Roller clutch inner tube and key washer not aligned properly before tightening the star drag.

Charles


----------



## Dipsay (Apr 28, 2006)

fishsmart said:


> Roller clutch inner tube and key washer not aligned properly before tightening the star drag.
> 
> Charles


 X2. I've had that tube slip out before and once I got the reel back together I noticed that star drag got tight real quick. That and the reel felt tight. took it back apart and found it. Looks like it did a number on that aluminum key washer.


----------



## DirectDrive (Dec 17, 2009)

I first thought misalignment and over-torque too, but looking again at the photos the damage shows to be ramping up out of the key and washer material being plowed.
If the drag was locked down against a nasty snag and high test superline was involved, I would think that the stainless roller tube would win out over the alloy washer.

My 2cents


----------



## MattK (Feb 9, 2006)

DirectDrive said:


> I first thought misalignment and over-torque too, but looking again at the photos the damage shows to be ramping up out of the key and washer material being plowed.
> If the drag was locked down against a nasty snag and high test superline was involved, I would think that the stainless roller tube would win out over the alloy washer.
> 
> My 2cents


Getting closer but the reel hadn't been used and had no line on it.


----------



## BFI (Jan 11, 2006)

*washer damage*

My guess is someone tightened the drag all the way, put thumb on spool to "test drag" or just monkeying around, cranked handle and as previously mentioned the ears of the clutch tube (steel) and the washer (aluminum). In the end the washer was distorted.


----------



## MattK (Feb 9, 2006)

Remember it's a 51Mg so it's a lefty.


----------



## DirectDrive (Dec 17, 2009)

OK, a lefty!

It would have to be cranking action against a locked up spool.
Was the endcap over-tightened to lock up the spool and then some "test" cranking caused the damage ?
A gear jam could cause lock-up too, I suppose. Mismatched main and pinion ?

DD
Who's tryin' to build rep power


----------



## BFI (Jan 11, 2006)

*cause*

forced backward


----------



## MattK (Feb 9, 2006)

Hmm...even if the gear set was locked up the drag would still allow the key washer to slide and rotate.
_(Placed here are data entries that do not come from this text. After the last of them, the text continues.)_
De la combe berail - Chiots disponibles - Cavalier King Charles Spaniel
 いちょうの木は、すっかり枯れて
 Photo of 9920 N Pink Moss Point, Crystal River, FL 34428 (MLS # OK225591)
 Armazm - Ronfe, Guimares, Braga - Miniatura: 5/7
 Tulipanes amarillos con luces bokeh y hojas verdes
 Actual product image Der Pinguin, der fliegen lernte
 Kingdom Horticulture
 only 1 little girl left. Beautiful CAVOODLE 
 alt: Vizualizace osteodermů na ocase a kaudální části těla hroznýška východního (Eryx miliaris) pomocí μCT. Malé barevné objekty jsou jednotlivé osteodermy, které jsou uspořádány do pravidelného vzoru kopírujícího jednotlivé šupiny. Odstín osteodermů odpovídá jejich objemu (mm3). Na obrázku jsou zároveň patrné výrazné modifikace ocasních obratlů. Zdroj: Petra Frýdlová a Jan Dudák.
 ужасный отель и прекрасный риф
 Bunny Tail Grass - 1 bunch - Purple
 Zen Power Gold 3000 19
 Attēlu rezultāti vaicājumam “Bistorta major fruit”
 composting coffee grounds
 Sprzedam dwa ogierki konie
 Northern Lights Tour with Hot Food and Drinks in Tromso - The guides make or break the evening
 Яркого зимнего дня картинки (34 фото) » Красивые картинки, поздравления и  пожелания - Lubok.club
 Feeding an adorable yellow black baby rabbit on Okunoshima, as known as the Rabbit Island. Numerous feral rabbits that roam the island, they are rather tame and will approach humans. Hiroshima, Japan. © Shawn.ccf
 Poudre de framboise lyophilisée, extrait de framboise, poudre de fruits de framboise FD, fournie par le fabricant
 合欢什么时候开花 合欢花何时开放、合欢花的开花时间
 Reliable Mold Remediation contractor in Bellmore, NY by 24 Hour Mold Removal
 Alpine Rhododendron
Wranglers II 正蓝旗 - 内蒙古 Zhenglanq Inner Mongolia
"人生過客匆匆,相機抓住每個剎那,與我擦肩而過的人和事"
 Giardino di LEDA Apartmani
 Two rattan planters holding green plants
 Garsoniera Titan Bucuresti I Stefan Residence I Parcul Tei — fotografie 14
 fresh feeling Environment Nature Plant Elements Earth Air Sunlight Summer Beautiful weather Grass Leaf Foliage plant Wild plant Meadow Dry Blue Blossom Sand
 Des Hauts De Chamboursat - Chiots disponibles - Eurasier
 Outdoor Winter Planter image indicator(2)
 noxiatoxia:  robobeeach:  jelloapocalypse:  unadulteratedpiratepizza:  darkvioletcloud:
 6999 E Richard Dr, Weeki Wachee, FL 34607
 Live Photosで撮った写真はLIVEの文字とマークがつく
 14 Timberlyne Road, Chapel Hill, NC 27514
Drive and Pinion are correct and were not damaged.


----------



## MattK (Feb 9, 2006)

BFI said:


> forced backward


DING DING DING! We have a winner.

Somehow the reel handle was forced backwards. Something could have been set on the reel, could have been placed behind the seat and when the seat was pushed back it forced the handle, or a number of other possible scenarios.

So, the handle was forced backwards, the clutch bearing held the clutch tube in place, and because the key washer is keyed not only to the clutch tube but also the drive shaft it was forced in the opposite direction which caused the soft aluminum to give.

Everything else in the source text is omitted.